**THE TASK**
Using the data that follows, output only the lines from the line with "Headgear AirFit N20" up to and including the line with "Highly Caffeinated Premium", exactly, leaving pictures aside.

**RECORD EXTRACTS**
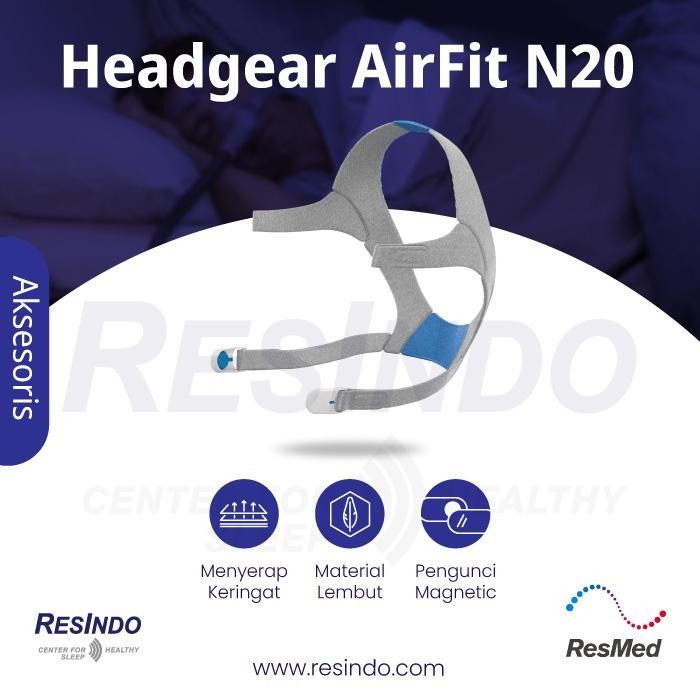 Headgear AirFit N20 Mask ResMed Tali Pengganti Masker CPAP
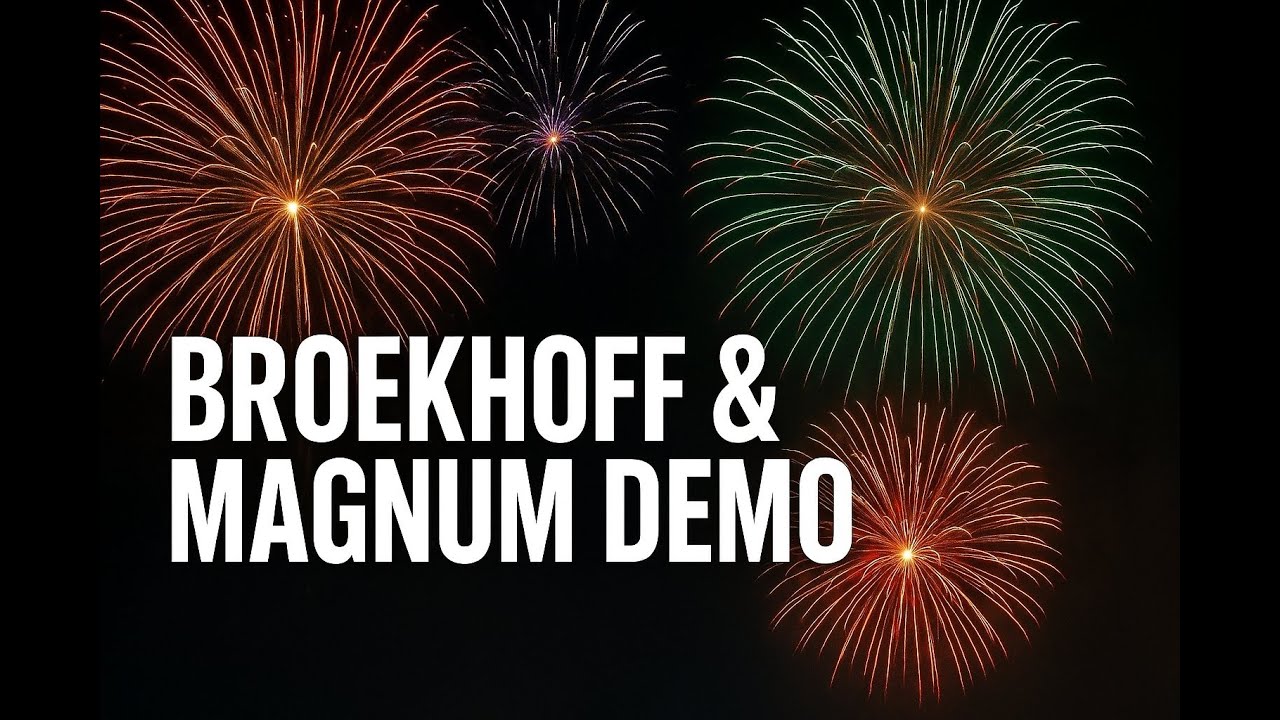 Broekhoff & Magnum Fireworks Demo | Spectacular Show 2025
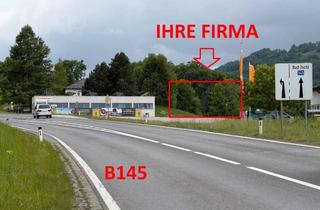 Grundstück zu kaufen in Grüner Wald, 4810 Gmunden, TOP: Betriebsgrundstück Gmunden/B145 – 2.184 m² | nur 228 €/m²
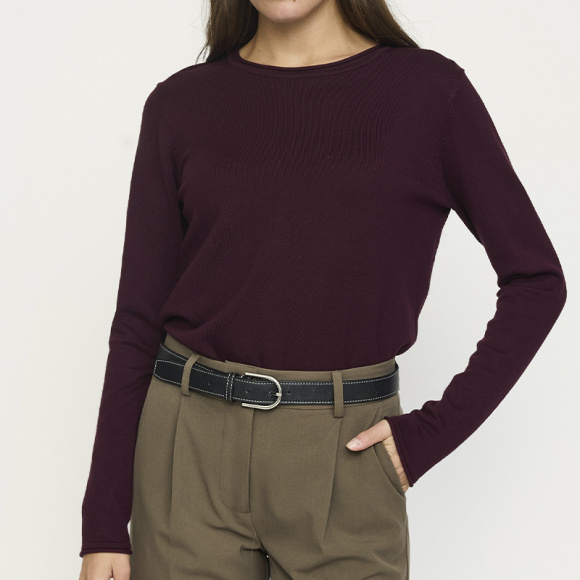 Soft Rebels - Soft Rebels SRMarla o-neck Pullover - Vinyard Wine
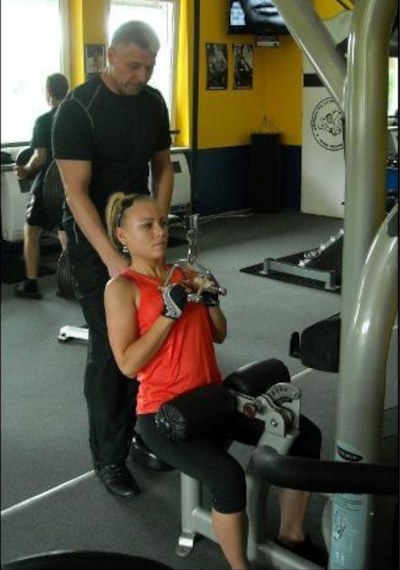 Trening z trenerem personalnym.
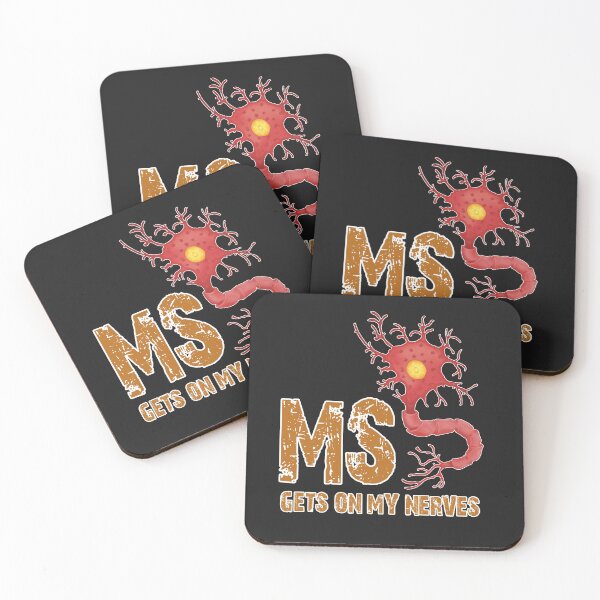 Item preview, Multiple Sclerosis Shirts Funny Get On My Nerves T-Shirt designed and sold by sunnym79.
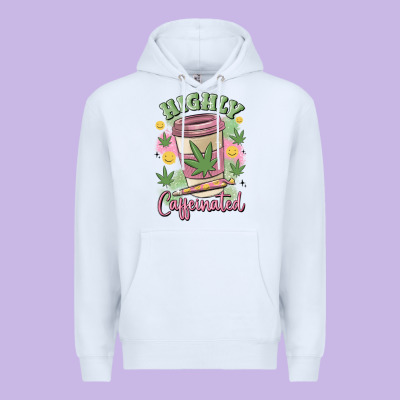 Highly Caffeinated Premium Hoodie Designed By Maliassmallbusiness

* * *

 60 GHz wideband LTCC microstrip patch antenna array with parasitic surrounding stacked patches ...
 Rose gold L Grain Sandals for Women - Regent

**ANSWER TO THIS EXERCISE**
 Headgear AirFit N20 Mask ResMed Tali Pengganti Masker CPAP
 Broekhoff & Magnum Fireworks Demo | Spectacular Show 2025
 Grundstück zu kaufen in Grüner Wald, 4810 Gmunden, TOP: Betriebsgrundstück Gmunden/B145 – 2.184 m² | nur 228 €/m²
 Soft Rebels - Soft Rebels SRMarla o-neck Pullover - Vinyard Wine
 Trening z trenerem personalnym.
 Item preview, Multiple Sclerosis Shirts Funny Get On My Nerves T-Shirt designed and sold by sunnym79.
 Highly Caffeinated Premium Hoodie Designed By Maliassmallbusiness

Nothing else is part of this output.